A significant security problem is the privacy of healthcare information stored in the cloud. Cloud companies have taken measures to protect the secrecy of their data due to the high costs of reputation damage. Due to the availability of attackers, data secrecy in the cloud can’t be readily preserved and safeguarded. Analysis of the proposed system’s data integrity and confidentiality is therefore crucial. The suggested BCAES encrypts the medical images using three different private keys before sending them to the cloud server. Without these three different private keys, it is impossible to decrypt the encrypted image.
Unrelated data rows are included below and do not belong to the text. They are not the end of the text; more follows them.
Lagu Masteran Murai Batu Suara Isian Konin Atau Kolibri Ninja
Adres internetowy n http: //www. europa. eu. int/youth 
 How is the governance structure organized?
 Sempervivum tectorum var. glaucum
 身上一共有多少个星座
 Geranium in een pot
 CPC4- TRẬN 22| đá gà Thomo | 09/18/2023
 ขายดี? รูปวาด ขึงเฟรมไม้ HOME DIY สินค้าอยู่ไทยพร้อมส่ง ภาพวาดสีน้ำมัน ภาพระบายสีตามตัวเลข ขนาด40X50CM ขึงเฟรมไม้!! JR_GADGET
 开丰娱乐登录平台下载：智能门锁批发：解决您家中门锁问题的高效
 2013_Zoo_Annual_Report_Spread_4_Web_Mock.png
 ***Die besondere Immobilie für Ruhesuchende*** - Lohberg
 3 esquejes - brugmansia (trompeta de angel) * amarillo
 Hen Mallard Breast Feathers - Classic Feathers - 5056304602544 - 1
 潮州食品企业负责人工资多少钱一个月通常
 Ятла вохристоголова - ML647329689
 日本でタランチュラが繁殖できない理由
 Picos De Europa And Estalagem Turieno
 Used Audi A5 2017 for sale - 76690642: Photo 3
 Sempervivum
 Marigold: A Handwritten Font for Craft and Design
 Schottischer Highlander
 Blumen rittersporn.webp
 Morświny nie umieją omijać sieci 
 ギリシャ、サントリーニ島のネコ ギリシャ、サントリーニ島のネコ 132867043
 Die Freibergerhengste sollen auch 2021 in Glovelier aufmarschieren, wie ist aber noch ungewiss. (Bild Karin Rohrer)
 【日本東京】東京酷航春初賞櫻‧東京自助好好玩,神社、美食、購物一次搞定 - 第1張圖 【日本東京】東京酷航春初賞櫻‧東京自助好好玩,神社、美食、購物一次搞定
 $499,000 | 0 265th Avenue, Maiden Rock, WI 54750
Moreover, the data saved on the cloud server can only be accessed by the organization or individual that has the data owner’s permission. As a result, only authorized individuals can decipher the ciphertext, protecting the privacy of the data43,44. Additionally, the signatures of each block guarantee data integrity. The blockchain network makes distinctions among different nodes and users based on their authenticity. The blockchain system ensures that only the authenticated user can decrypt the encrypted message using the secret keys by determining if the user has the right to do so.

Conclusion

Cloud storage solutions are vulnerable to several security issues due to their openness. Careful analysis of the security measures is necessary when creating a cloud-based database for medical images. As a result, this study recommends BCAES, a secure architecture based on blockchain. Here, we suggested a revolutionary chaotic map-based image encryption method that will be saved in the cloud. The suggested method first generates a permutation phase using a Henon chaotic map. A Hill cypher with a key derived from an orthogonal matrix by considering a plane’s equation is employed for substitution. And then diffusion step uses an Arnold’s cat map (ACM) to create a sequence, which is bitwise XORed with each pixel’s value. The Henon map handles the confusion phase of the proposed algorithm’s operation, while the ACM handles the diffusion phase. The sender than signs the ciphertext’s ID puts it into the blockchain and uploads the encrypted image to the cloud. Later, the ciphertext image’s integrity may be confirmed using the signature. The suggested Chaotic ACM approach features three different keys, a large key space, and is particularly sensitive to alteration, according to experimental results and security studies. Comparing the BCAES architecture to other current methods, a high level of protection/security is thereby offered. Not only confidentiality but also authentication and integration of data. Table 6 shows different analysis results of our proposed scheme.

Table 6 Analysis results.
Full size table

Though, use of classical chaotic systems have some inherent limitations, such as periodicity, easy destruction of phase space, and low lyapunov exponent. To handle these issues, many researchers have focused on improving classical chaotic systems to enhance their chaotic dynamic characteristics through a process called chaotification. The goal of chaotification is to make up for these limitations and improve the performance of chaotic encryption algorithms. As a future goal, this work may be modified or extended by replacing the classical chaotic maps with the maps obtained after the chaotification process.